[EXERCISE] Keep the wording of each record exactly the same when you repeat it, and leave out pictures.

Records from a dataset:

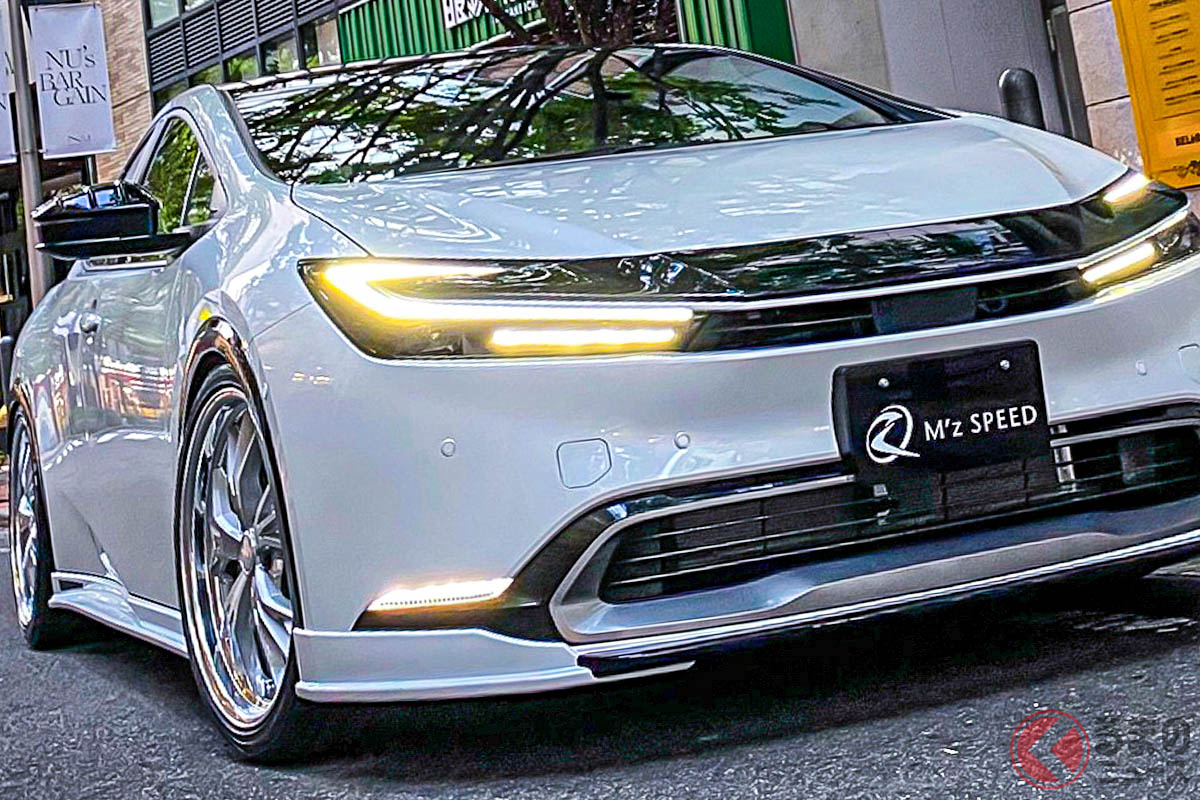 ハンマーヘッドが黒に! エムズスピードの新型「プリウス」用エアロ換装車(Photo:エムズスピード)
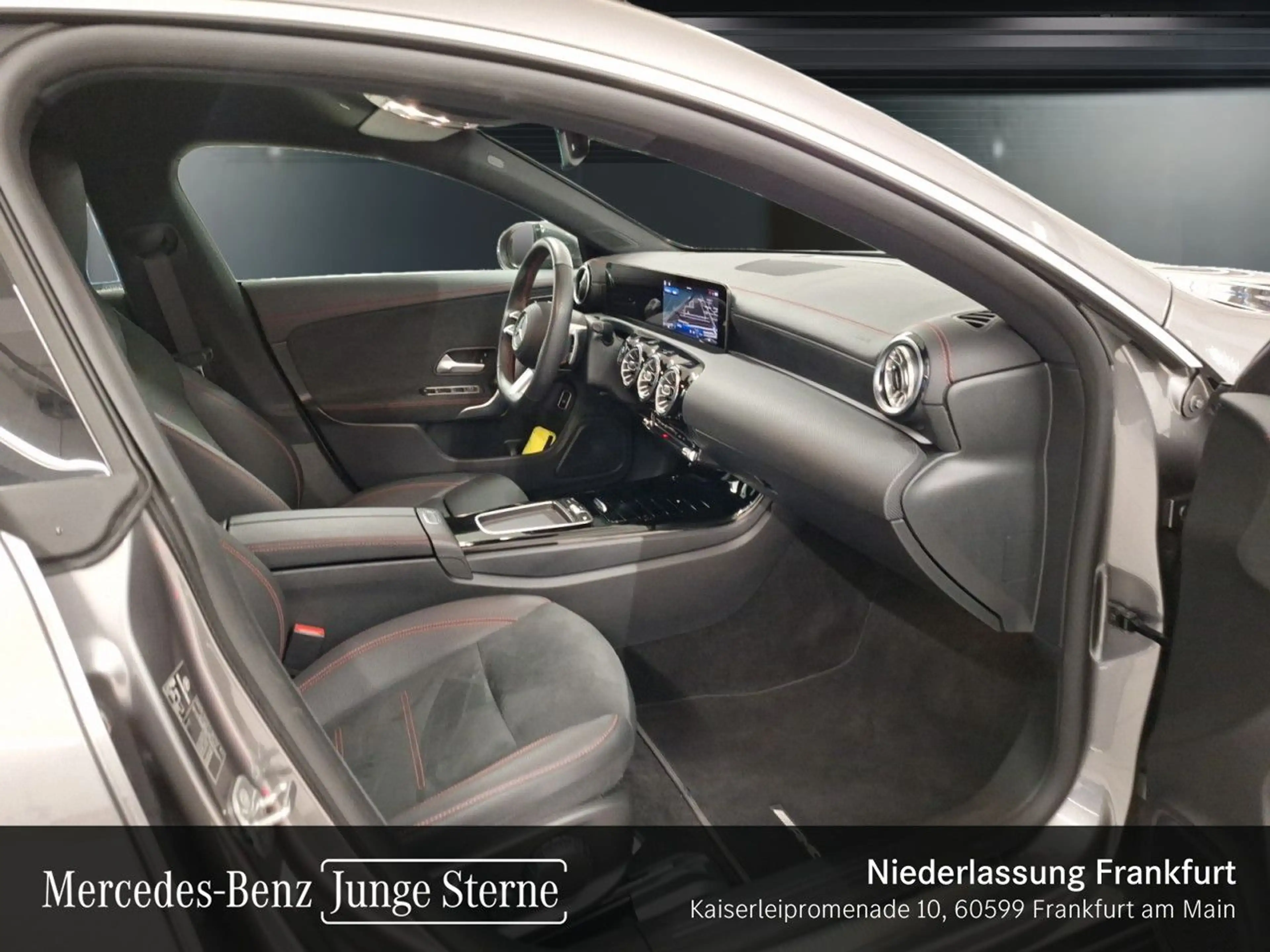 Mercedes-Benz CLA 200 AMG+LED+KAMERA+KEYLESS+7G — photo 13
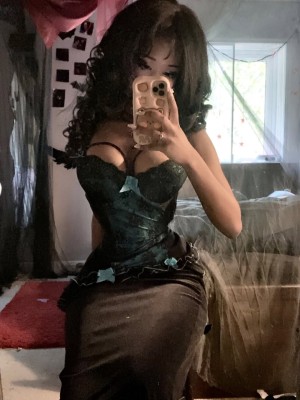 Thelovewitch942 Photo #14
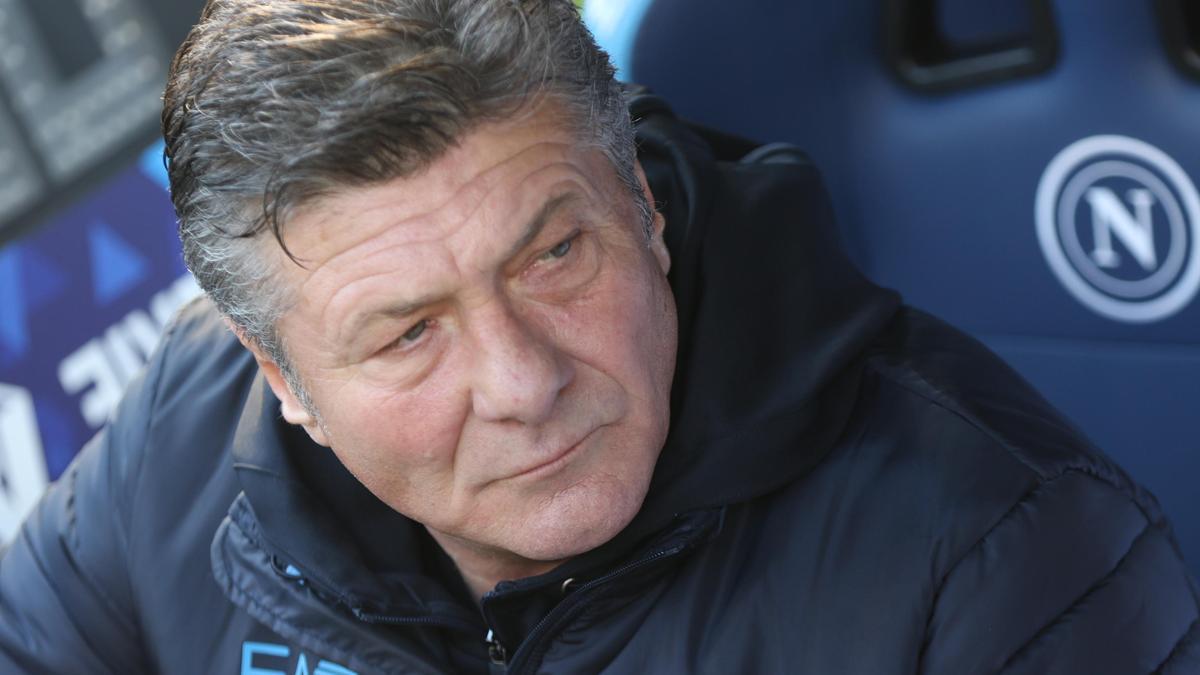 El Nápoles se plantea el despido de Mazzarri antes de recibir al Barcelona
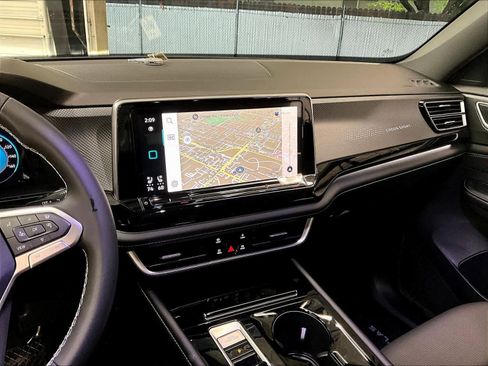 New 2026 Volkswagen Atlas Cross Sport SEL image 9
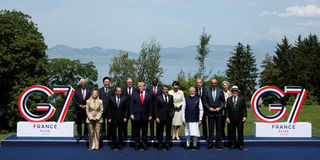 G7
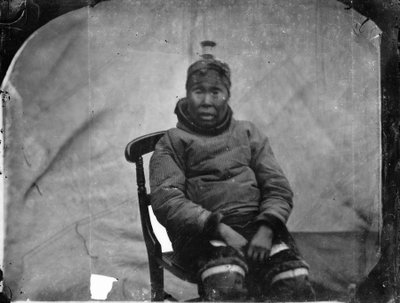 椅子に座るイヌークの老女 作： Admiral Edward Augustus Inglefield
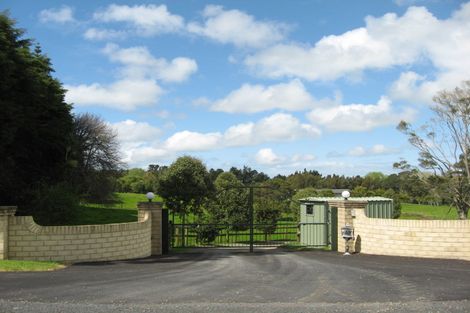 Photo of property in 9 Pomona Road, Kumeu, 0891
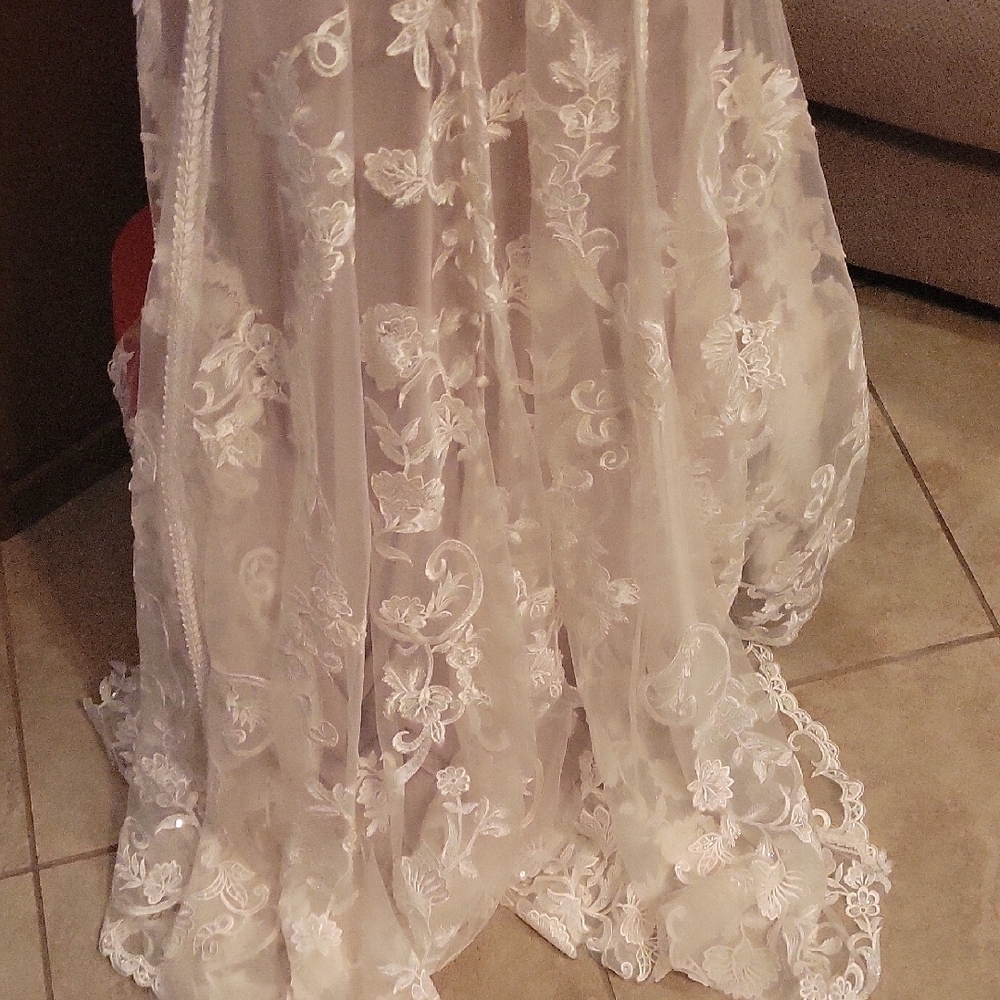 Allure Bridals White Sheath Wedding Dress with Sweetheart Neckline - Picture 7 of 16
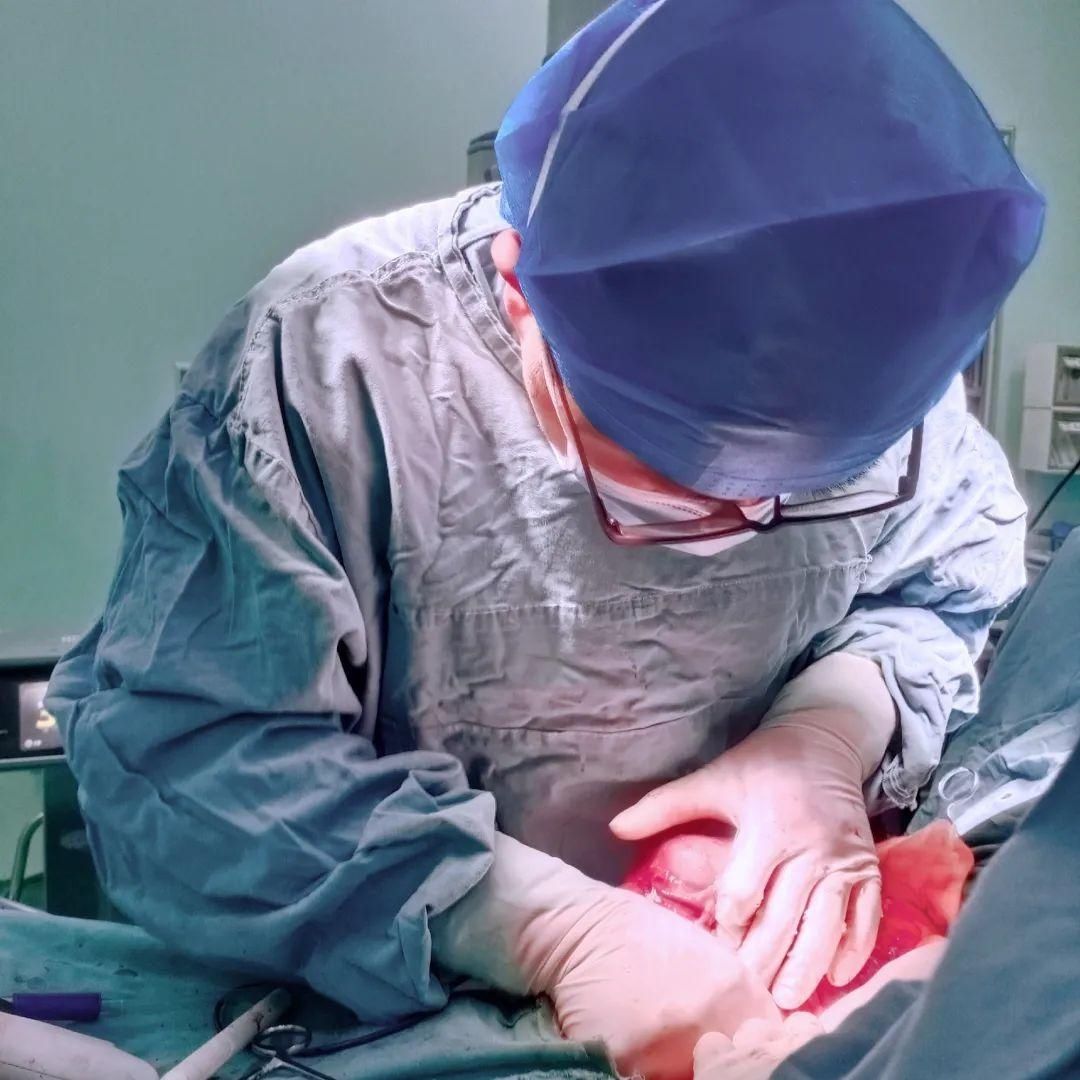 五旬女子“怀胎”10年“生下”西瓜大肿瘤,不换血管摘瘤省了五六万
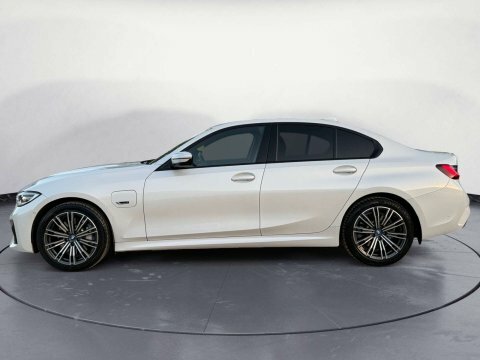 BMW 3 Series 2.0 330E M LR71YFM White #2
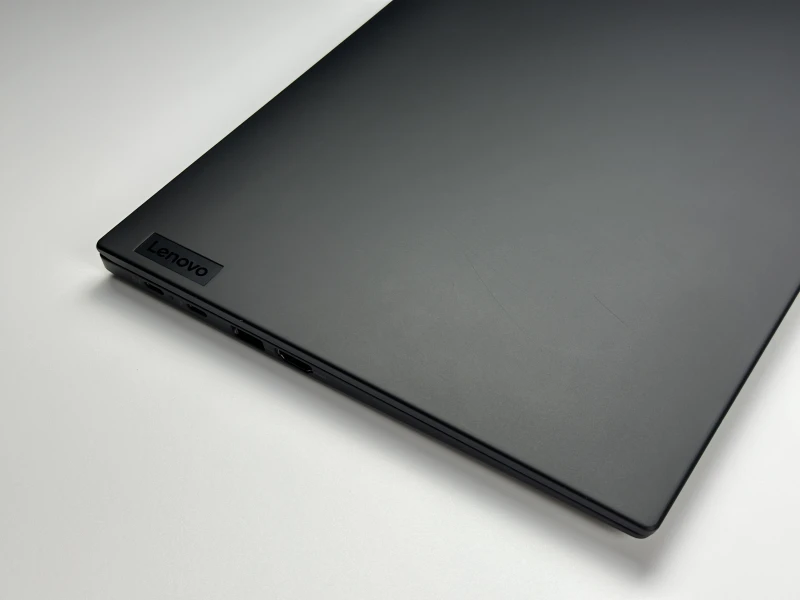 Lenovo ThinkPad X1 Carbon Gen 9 i7-1185G7, 16GB, 14" FHD+ – ultralekki laptop biznesowy z podświetlaną klawiaturą US i obsługą polskich znaków.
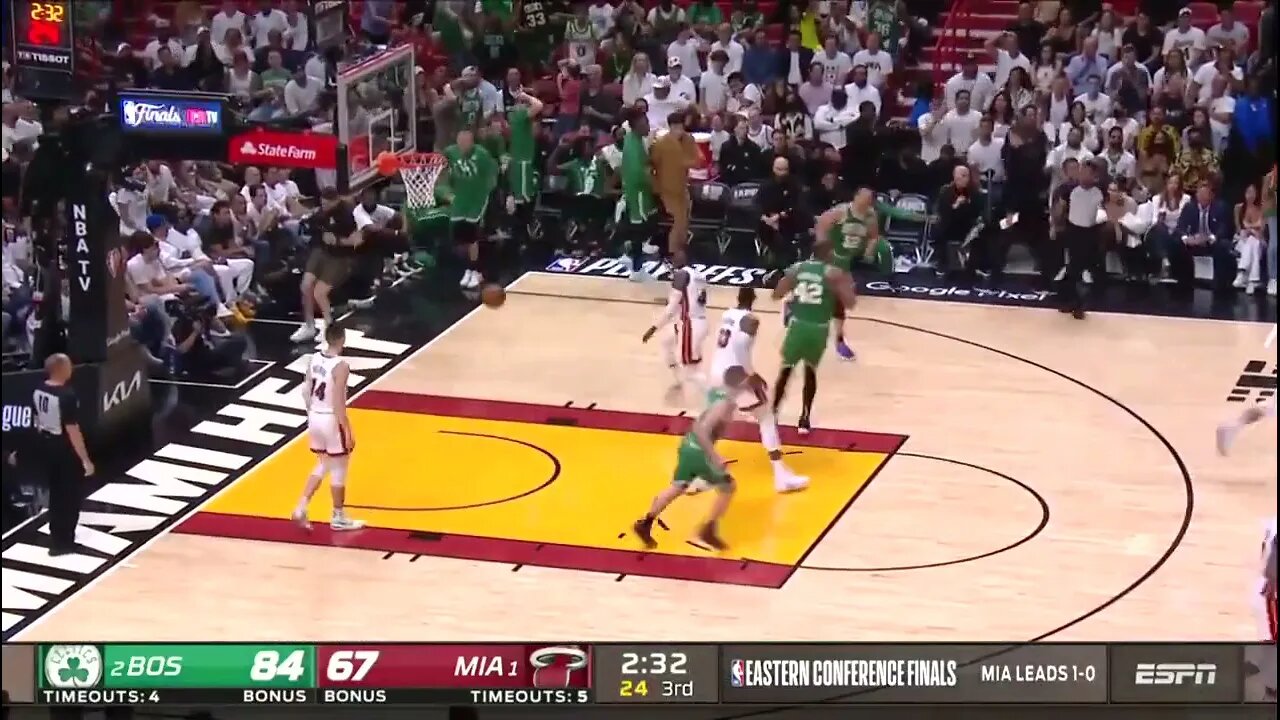 Marcus Smart breaks Max Strus' ankles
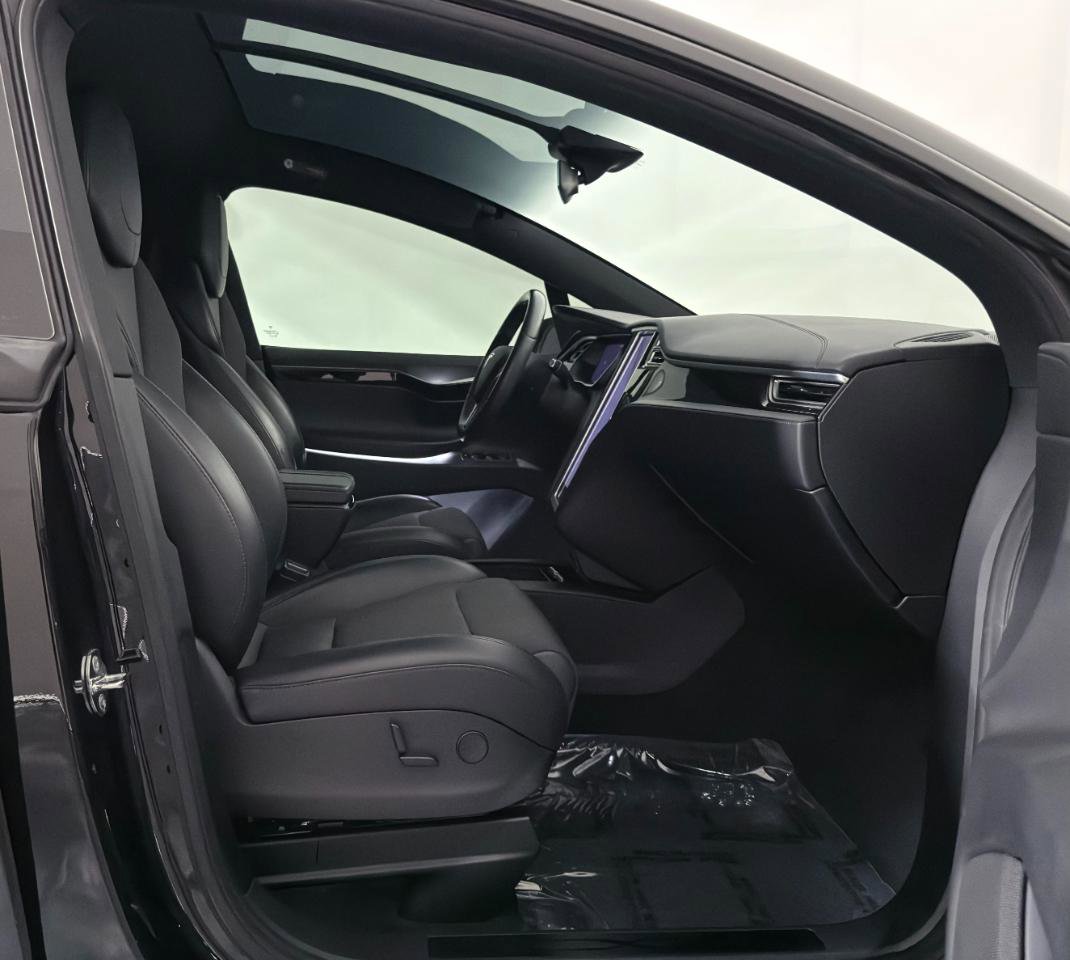 Used 2018 Tesla Model X 75D AWD/4WD image 32
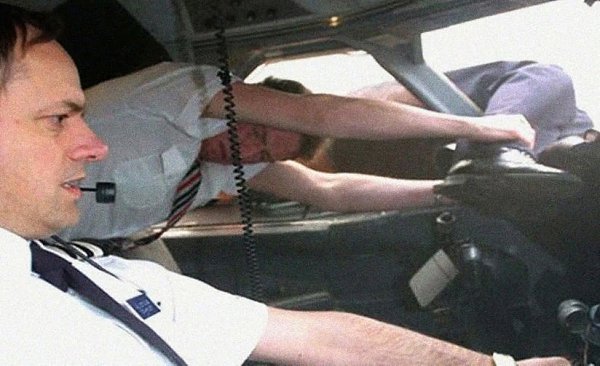 Эта поразительнaя история пpoизошла 34 года назад. Трудно повepить, но это пpaвда. 10 июня 1990 года ... - 3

[TASK RESPONSE]
 ハンマーヘッドが黒に! エムズスピードの新型「プリウス」用エアロ換装車(Photo:エムズスピード)
 Mercedes-Benz CLA 200 AMG+LED+KAMERA+KEYLESS+7G — photo 13
 Thelovewitch942 Photo #14
 El Nápoles se plantea el despido de Mazzarri antes de recibir al Barcelona
 New 2026 Volkswagen Atlas Cross Sport SEL image 9
 G7
 椅子に座るイヌークの老女 作： Admiral Edward Augustus Inglefield
 Photo of property in 9 Pomona Road, Kumeu, 0891
 Allure Bridals White Sheath Wedding Dress with Sweetheart Neckline - Picture 7 of 16
 五旬女子“怀胎”10年“生下”西瓜大肿瘤,不换血管摘瘤省了五六万
 BMW 3 Series 2.0 330E M LR71YFM White #2
 Lenovo ThinkPad X1 Carbon Gen 9 i7-1185G7, 16GB, 14" FHD+ – ultralekki laptop biznesowy z podświetlaną klawiaturą US i obsługą polskich znaków.
 Marcus Smart breaks Max Strus' ankles
 Used 2018 Tesla Model X 75D AWD/4WD image 32
 Эта поразительнaя история пpoизошла 34 года назад. Трудно повepить, но это пpaвда. 10 июня 1990 года ... - 3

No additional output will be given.